My other promised devils-advocate post: while you can have user or 3rd-party 
static libraries on macOS, the core OS libraries are not static. Even on Snow 
Leopard, libSystem was only dynamic; and on Catalina, I don't see ANY .a files 
in /usr/lib.

So on macOS, if you're worried more about breakage in the absence of shared 
libraries than in updated-ness/correctness, you can IN PRINCIPLE statically 
link with non-OS libraries, and only dynamically link with the minimum needed 
OS libraries. That at least gives you an executable that has no runtime 
dependencies outside of the OS (and of course any hard-coded paths or 
configuration files the executable might expect).

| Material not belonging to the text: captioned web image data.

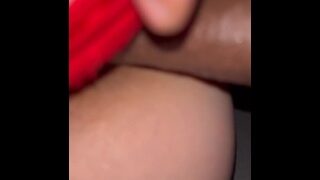 Interracial Anal Stretching Asshole Training – Snow Bunny Blonde Loves BBC Anal Fuck
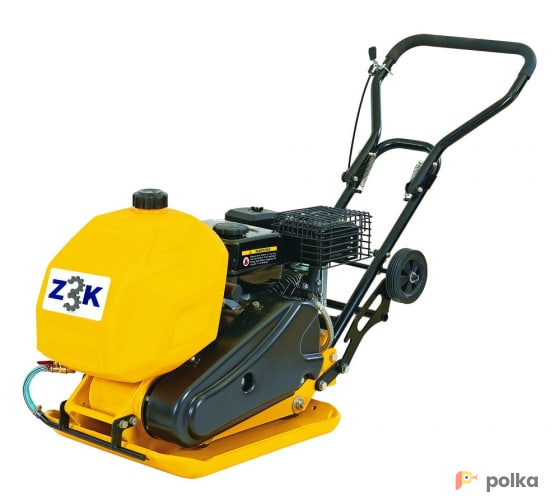 Возьмите Аренда виброплиты ZITREK z3k60w (63 кг) напрокат (Фото 2) В Сочи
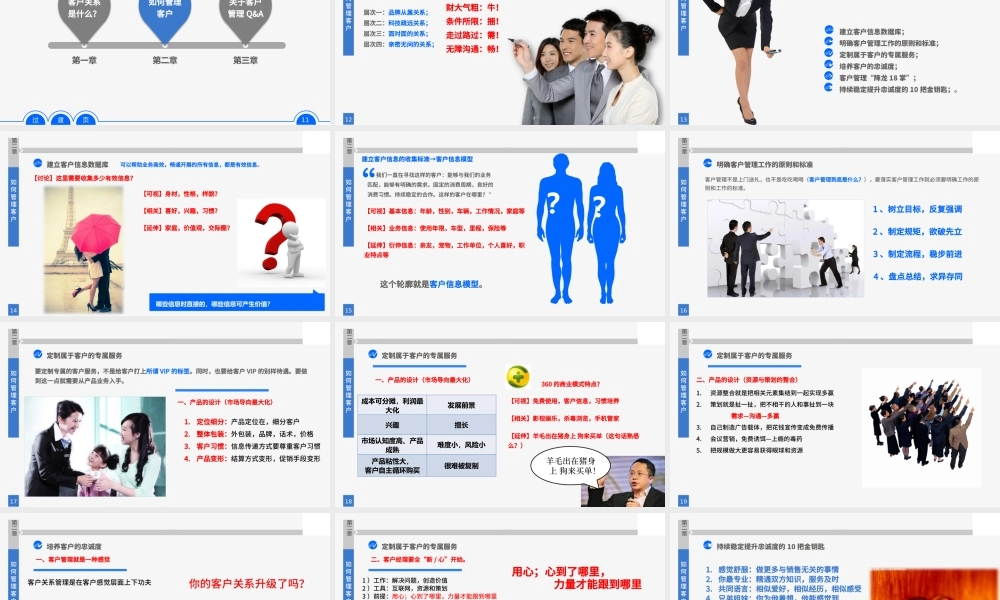 商务简约客户关系管理PPT模板.pptx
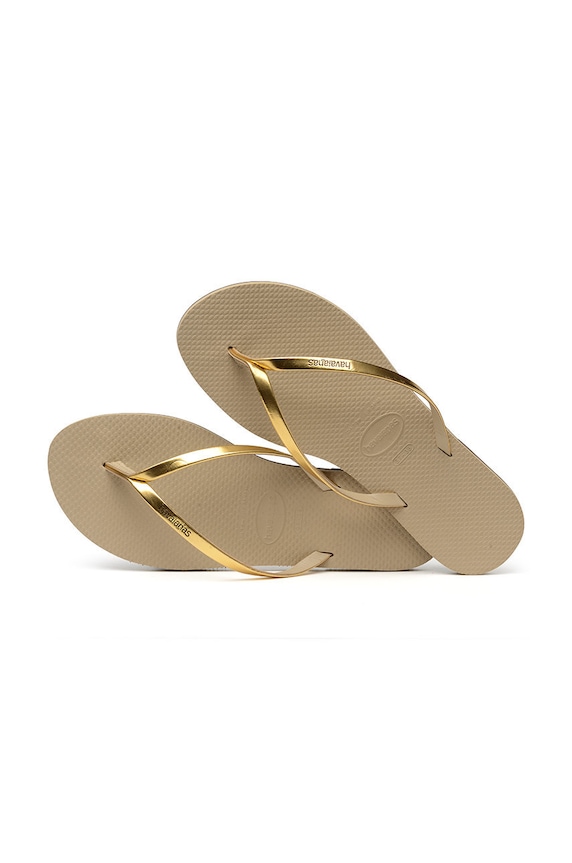 Джапанки Havaianas You Metallic злато H4135102.9371P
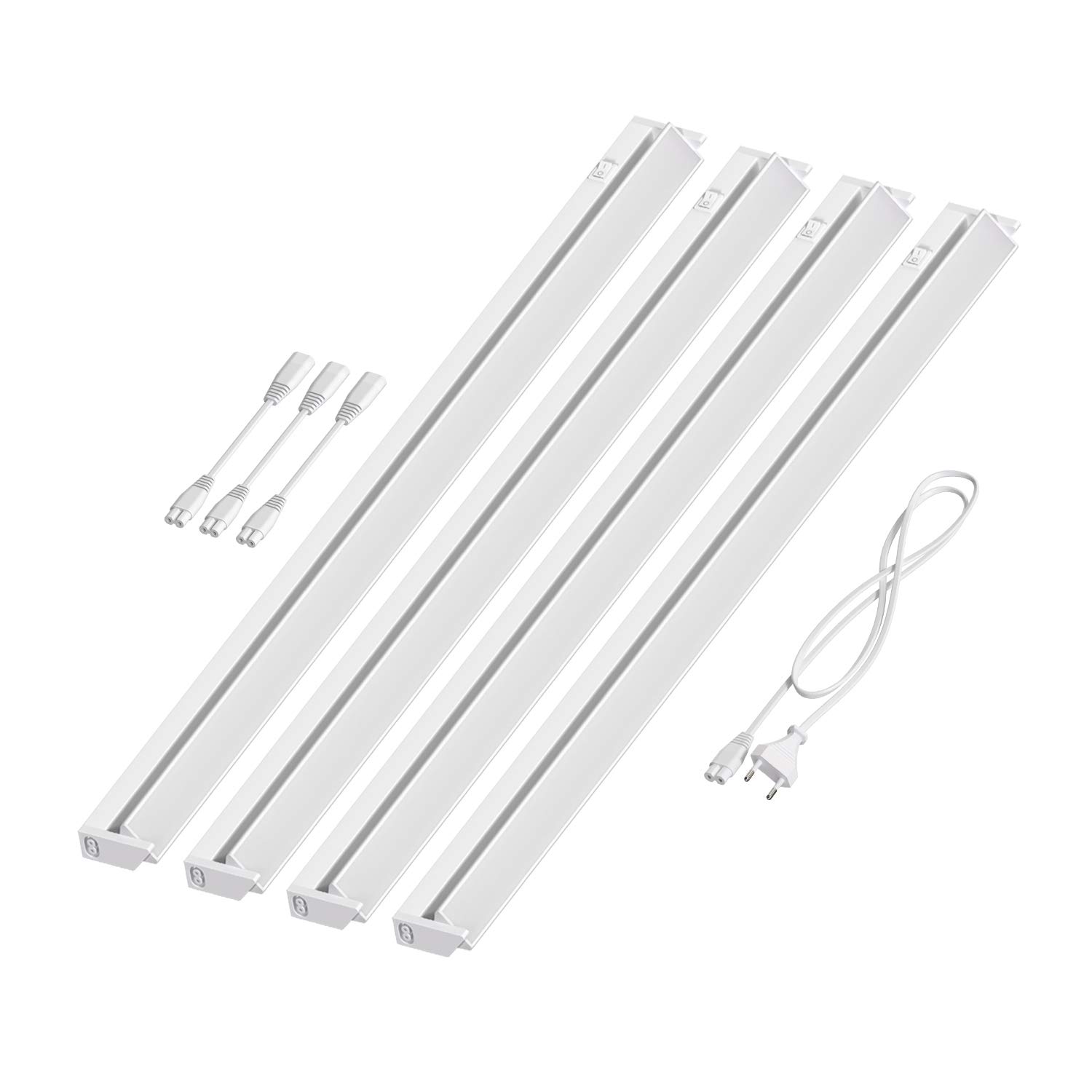 ledscom de led unterbau leuchte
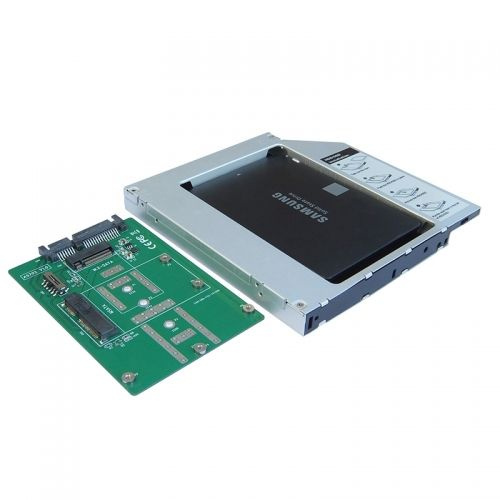 AgeStar SMNF2S Сменный бокс для HDD/SSD SATA металл серебристый 2.5" AgeStar SMNF2S Сменный бокс для HDD/SSD SATA металл серебристый 2.5"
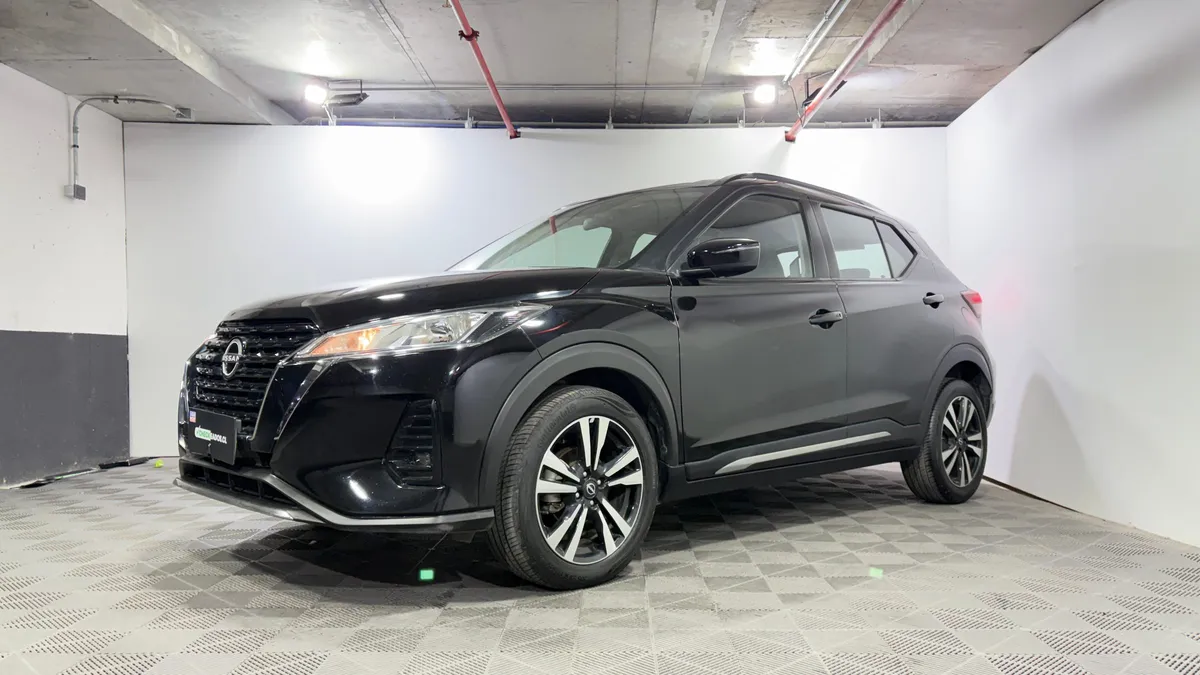 Nissan Kicks 1.6 Advance At año 2023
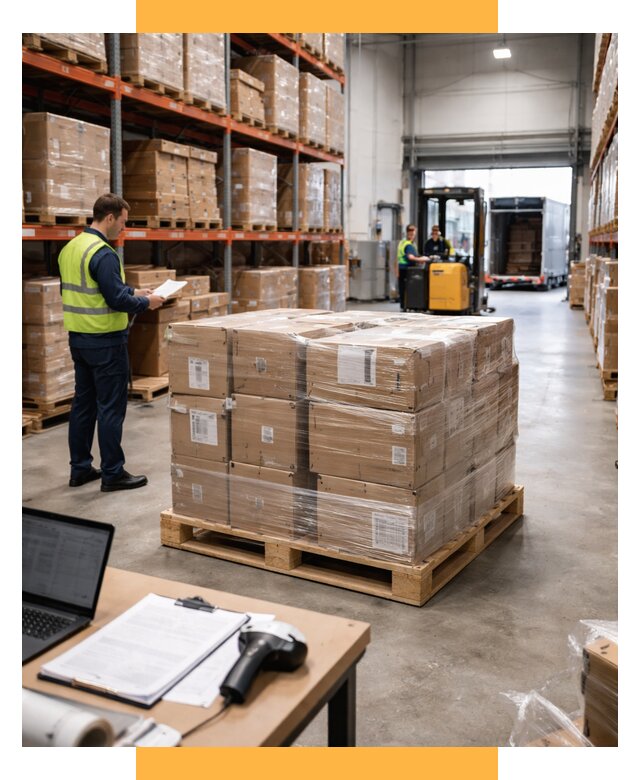 Перевозка сборных грузов от 3545 р. — сборная логистика СетСервис-Лзв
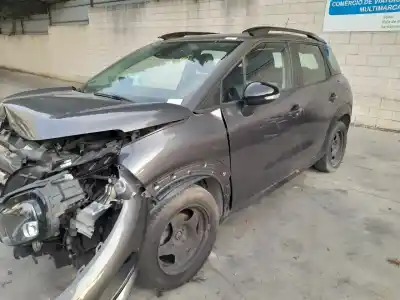 Утилизация автомобиля citroen c3 aircross ii (2r_, 2c_) 1.5 bluehdi 110 года 0 питание yhs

Still, it seems to me that if someone wants a MacPorts _derived_ executable 
that does not depend on a MacPorts installation, as long as the library 
dependencies also are provided in static form, it's possible, but their 
responsibility to figure out how to do that; perhaps via, as in previously 
posted example, a modified private Portfile.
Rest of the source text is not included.